Document Type : Research Article
Author
Associate Professor of Atmospheric Science and Meteorological Research Center(ASMERC)
Abstract
Narrow, rapidly flowing currents of air located near the tropopause are known as jet streams. These jets, often found nearly girdling the globe while exhibiting large meridional meanders, are among the most ubiquitous structural characteristics of Earth’s atmosphere and are known to play a substantial role in the production of sensible weather in the mid-latitudes. Jet streams are classified into two different types subtropical jet and polar-front jet streams. Subtropical jets are driven by angular momentum transport from the tropics and are centered at the poleward boundaries of the Hadley cell and polar-front jets are driven by baroclinic eddies and are associated with weather and climate events, such as precipitation and cold wave processes.
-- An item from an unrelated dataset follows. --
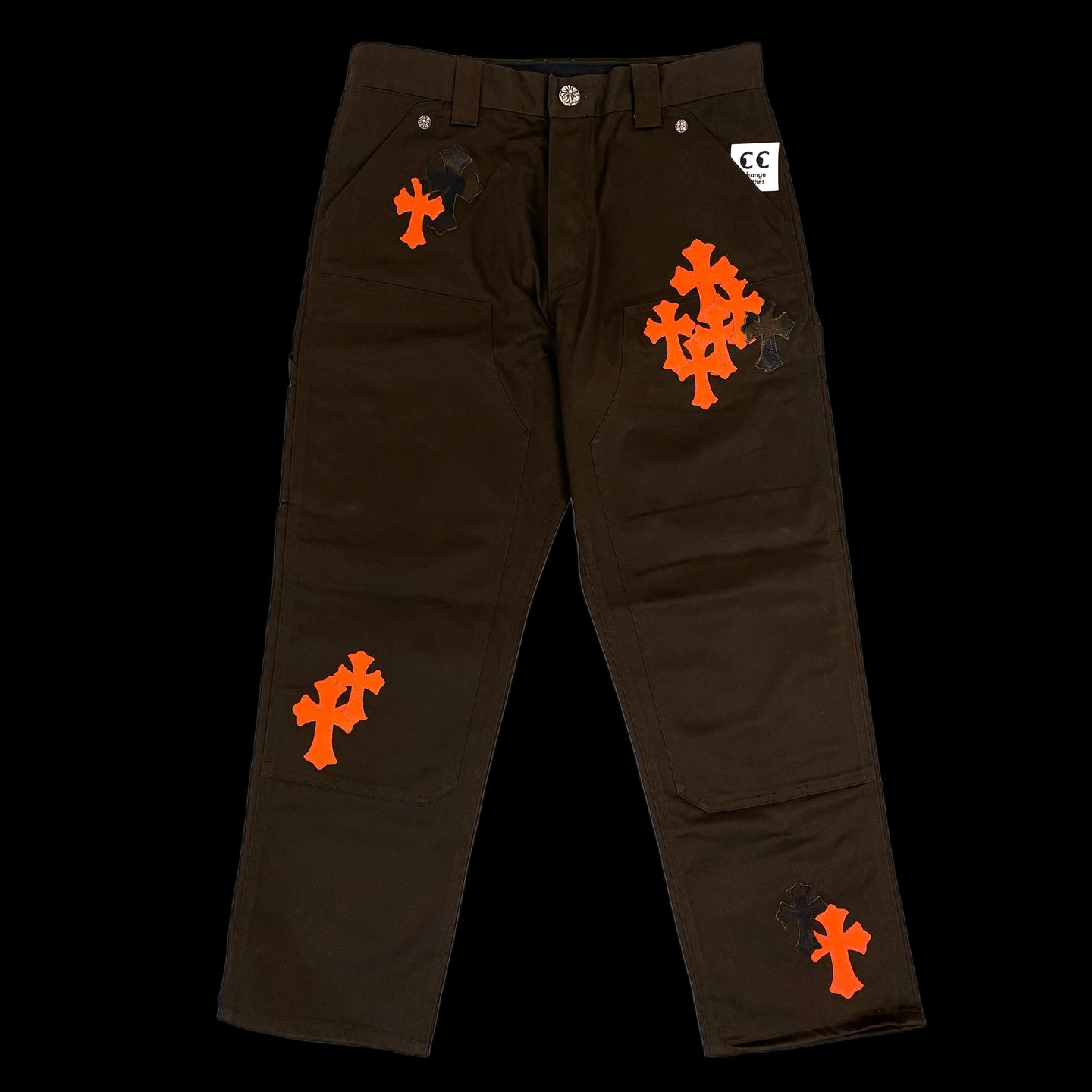 chrome hearts orange camo cross patch carpenter pants brown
To study whether jet streams have been changing in the past decades, we used the historical data of NCEP/NCAR from the National Centers for Environmental Protection and the National Center for Atmospheric Research, covering 1948 to 2023.We have used the daily means of u, v components, temperature and geopotential height, at 6 levels from 400 to 100 hPa and daily means temperature at 4 levels from 1000 to 700 hPa.
In this paper, we firstly calculated the wind speed index, pressure index and latitude index that were defined by Archer and Caldeira (2008) to characterize the strength, the pressure level, and the latitudinal position of a jet stream, respectively. Then after that the variability of the characteristics of jet streams of both hemispheres in warm and cold seasons were investigated.
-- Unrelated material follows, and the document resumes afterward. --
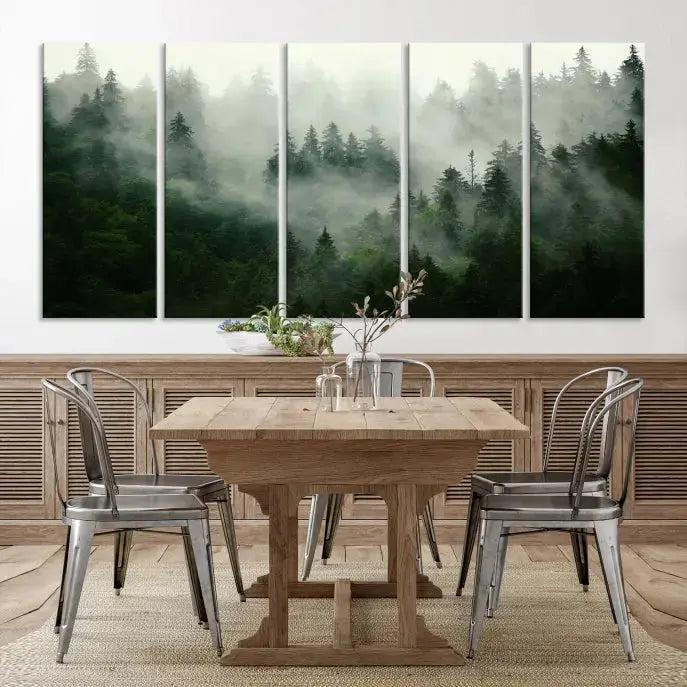 Stunning Misty Forest Foggy Landscape Large Canvas Wall Art Giclee Print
In addition, the temperature trend in the upper and lower troposphere was determined by calculating the average seasonal temperatures over latitudinal zones 0°-15°, 15°-30°, 30°-45°, 45°-60°, 60°-75°, 75°-90° in northern and southern hemisphere at upper levels of 400, 300, 250, 200, 150, 100 hPa and lower levels of 1000, 925, 850, 700 hPa.
We found that, in general, the jet streams have moved poleward in both hemispheres so that the shift to the pole of subtropical jets in the northern hemisphere was 0.061 (0.019) °/decade in DJF (JJA) and in the southern hemisphere was 0.307 (0.223) °/decade in DJF (JJA) for 1948-2023.
Also of the southern hemisphere the subtropical jet in winter and summer is weakening but the polar front jet is strengthening. In the northern hemisphere, in both warm and cold seasons the trend of wind speed is increasing in the poleward side of the jet axis, and is decreasing in the southern side of its axis, while in the trend of the maximum wind speed is upward.
One of the important factors of these changes can be related to the upward temperature trend in the tropical and subtropical regions of both hemispheres.
In this statistical period, the smallness of the slope of the zonal mean of seasonal temperature trend line of the lower levels of the tropical region compared to the slope of the average temperature trend of the upper levels of the subtropical region has caused that the strengthening of the Hadley cell convection which is less than the weakening of its meridional circulation range, this can be one of the factors that lowered the trend of the jet streams speed in both hemispheres.
Also, the results showed that the mass-flux weighted pressure in the DJF season is minimum around the equator and in the JJA season around the orbit of 12°N from the west of Mauritania to the southeast of China is minimum.